The comet itself is likely only a few kilometres wide, but its atmosphere has ballooned to a staggering 720,000 kilometres (447,387 miles) wide – about half as wide as the Sun.
This is because it is leaving a trail of gas and debris in its wake as it makes its way from the orbit of Mars, which it is near at the moment, past Earth and to Venus.
Website Space Weather said: “On the scale of big things in the solar system, Comet ATLAS falls somewhere between the sun (1,392,000 km diameter) and Jupiter (139,820 km).

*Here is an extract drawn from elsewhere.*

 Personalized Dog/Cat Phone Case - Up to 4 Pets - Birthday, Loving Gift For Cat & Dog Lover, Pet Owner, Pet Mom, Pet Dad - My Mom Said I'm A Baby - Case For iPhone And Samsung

“It’s not unusual for comets to grow so large. While their icy solid cores are typically mere kilometers in diameter, they can spew prodigious amounts of gas and dust into space, filling enormous volumes.”

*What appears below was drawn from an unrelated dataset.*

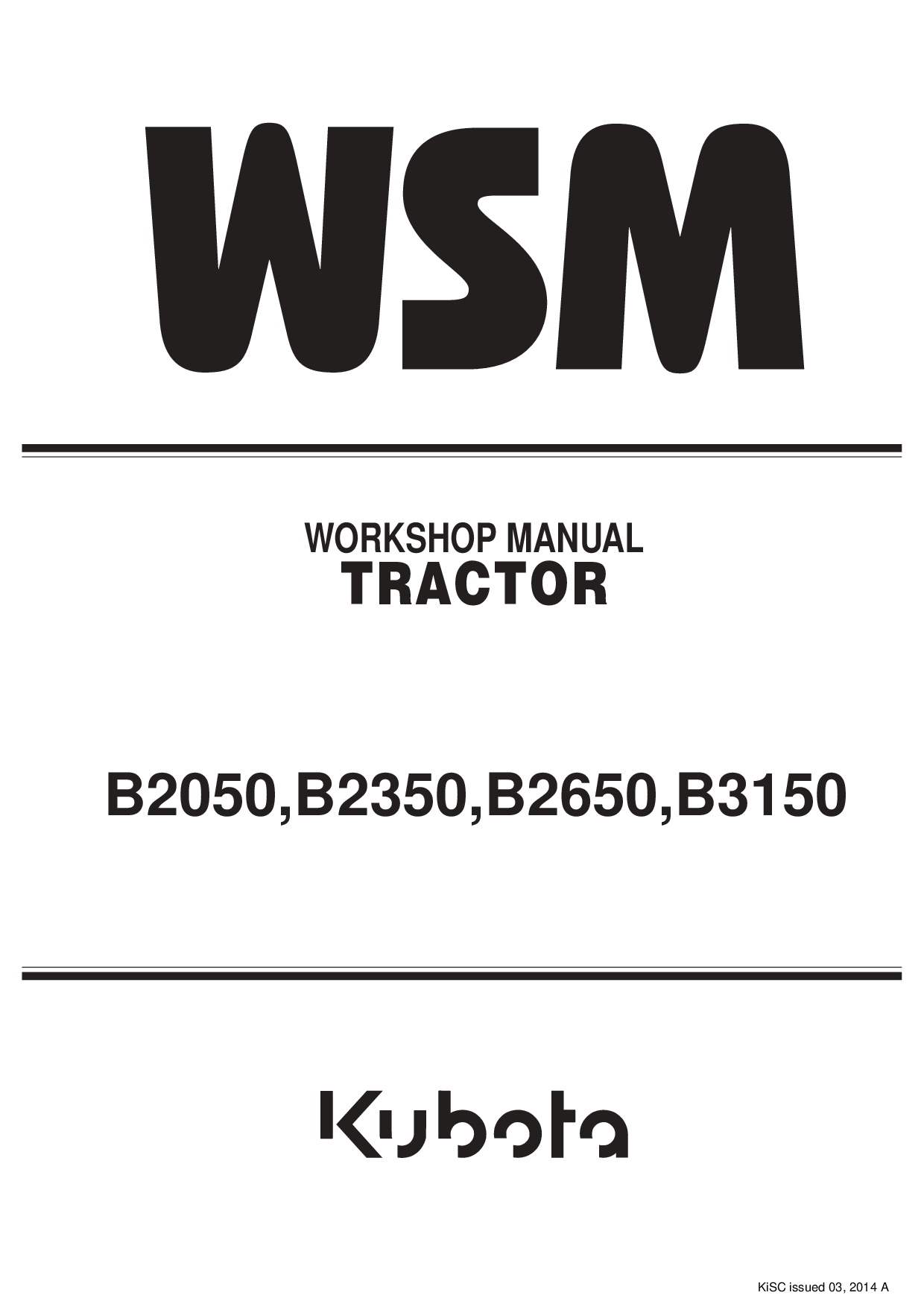 Kubota B2050 B2350 B2650 B3150 WSM Tractor Workshop Manual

By late May, it will only be 0.25 AU away from the Sun – one AU (astronomical unit) is equivalent to the distance between the Earth and the Sun – and getting closer.
When it approaches the Sun, it could become as bright as a waxing crescent Moon – the curved lunar phenomenon which is visible at the beginning and end of the Moon’s monthly cycle.
Space Weather has said: “The comet is about as bright as an 8th or 9th magnitude star.
“That’s too dim to see with the naked eye but consider this: The comet is hundreds of times brighter than astronomers predicted when it was discovered 4 months ago by the Asteroid Terrestrial-impact Last Alert System (ATLAS). And it’s still beyond the orbit of Mars.
“Estimates range from magnitude +1 to -10; in other words, somewhere between a 1st magnitude star and the waxing crescent Moon.”
However, the fate of the comet is still unclear.
Experts are unsure whether it will burn to dust or whether it will produce a spectacular display of explosions as it approaches the Sun.
Karl Battams of the Naval Research Lab in Washington DC said: “ATLAS is a bit of a wildcard, and there’s a spectrum of possibilities as it nears the sun.
“At one extreme, it could simply crumble away in the coming weeks, and at the other extreme it could brighten up tremendously.
“It has an unusually small perihelion distance inside of Mercury’s orbit, which bodes well for getting those frozen gases fizzing furiously.”